### Excerpted records

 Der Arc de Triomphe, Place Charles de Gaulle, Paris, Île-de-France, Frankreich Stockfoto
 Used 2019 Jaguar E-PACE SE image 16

--

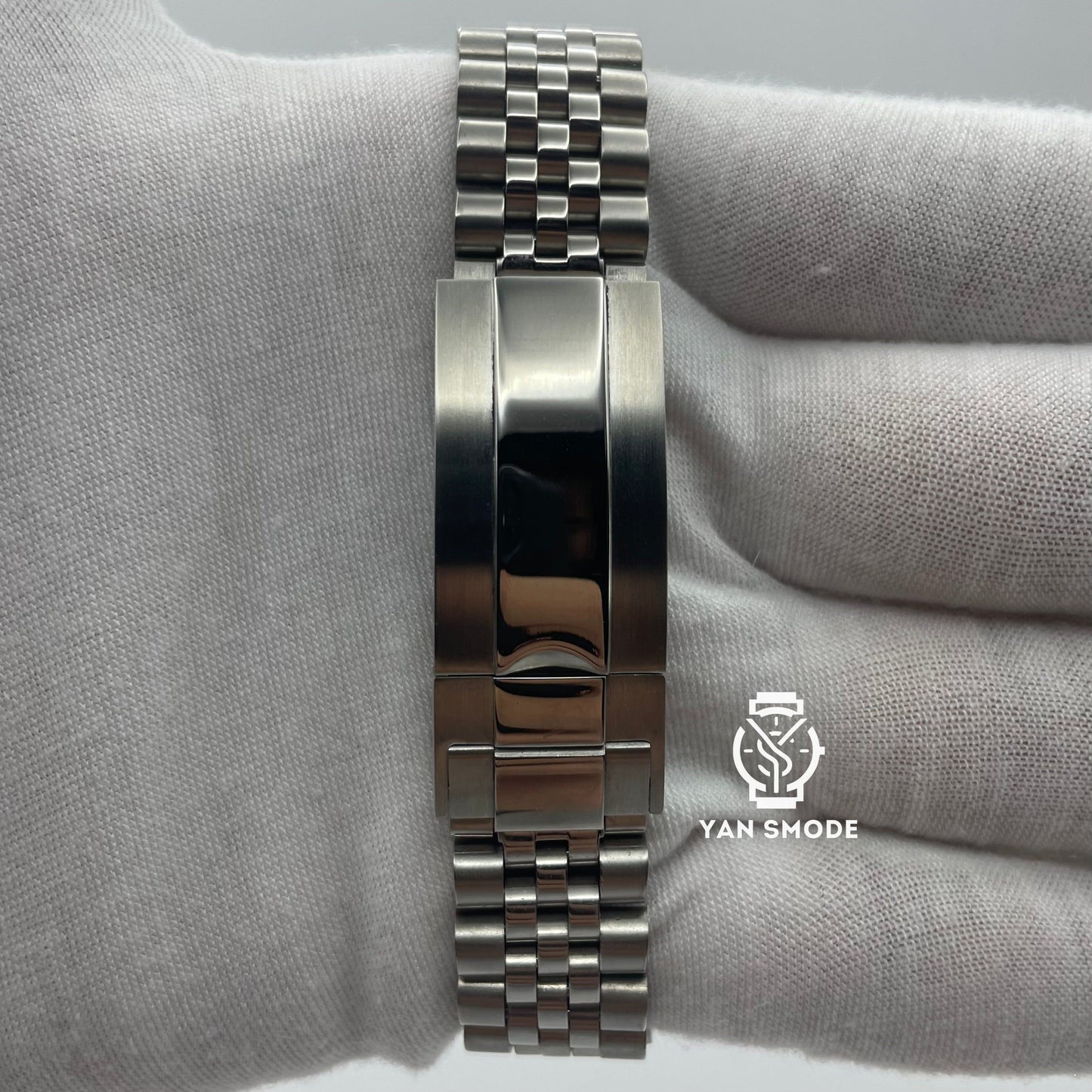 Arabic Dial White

---

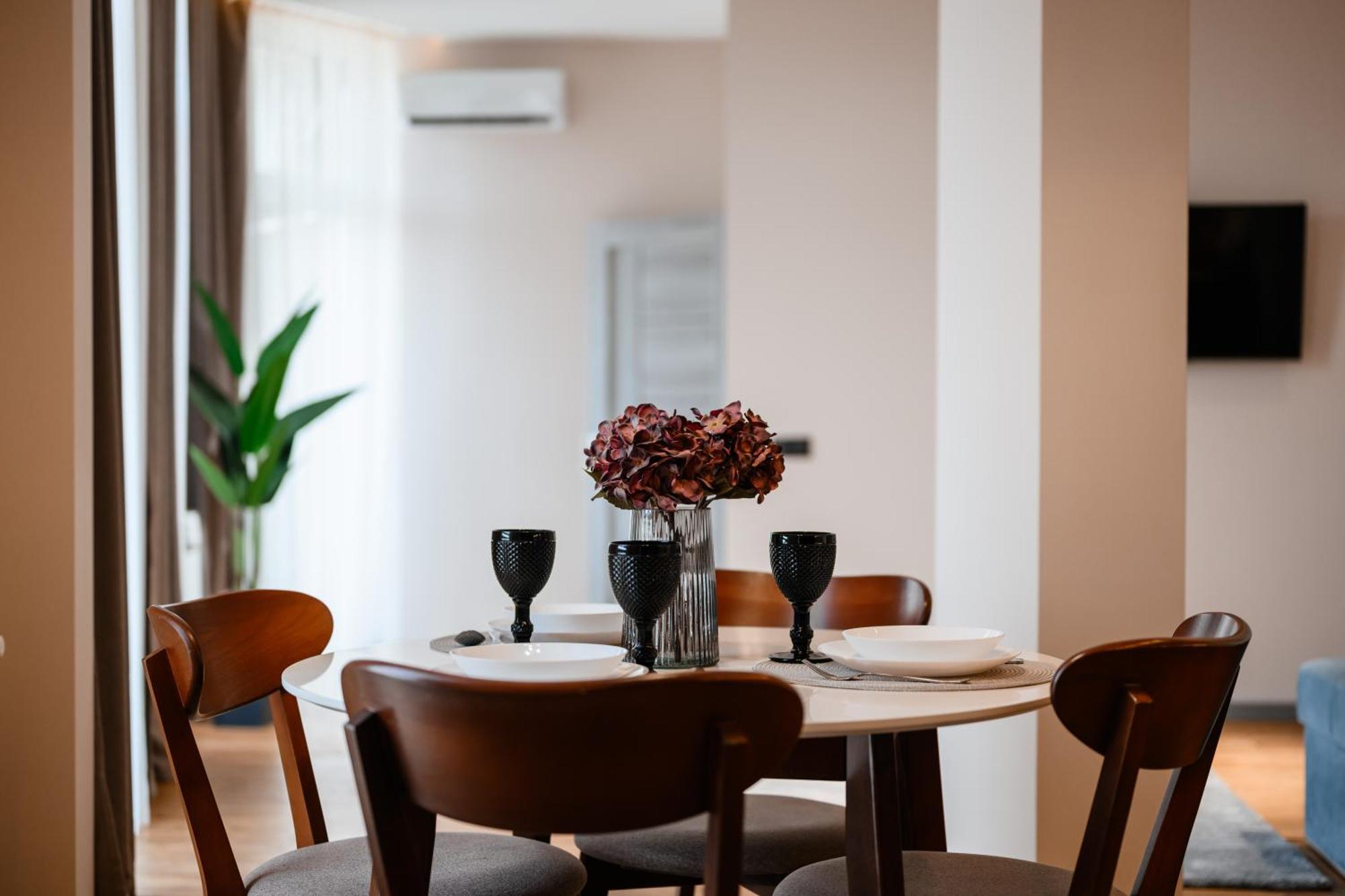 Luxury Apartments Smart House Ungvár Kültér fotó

### What is needed
Give again, word for word, every line of the listing above from the one with "Der Arc de Triomphe, Place" to the one with "Used 2019 Jaguar E-PACE SE image 16", both inclusive, and nothing beyond them.

### Response below
 Der Arc de Triomphe, Place Charles de Gaulle, Paris, Île-de-France, Frankreich Stockfoto
 Used 2019 Jaguar E-PACE SE image 16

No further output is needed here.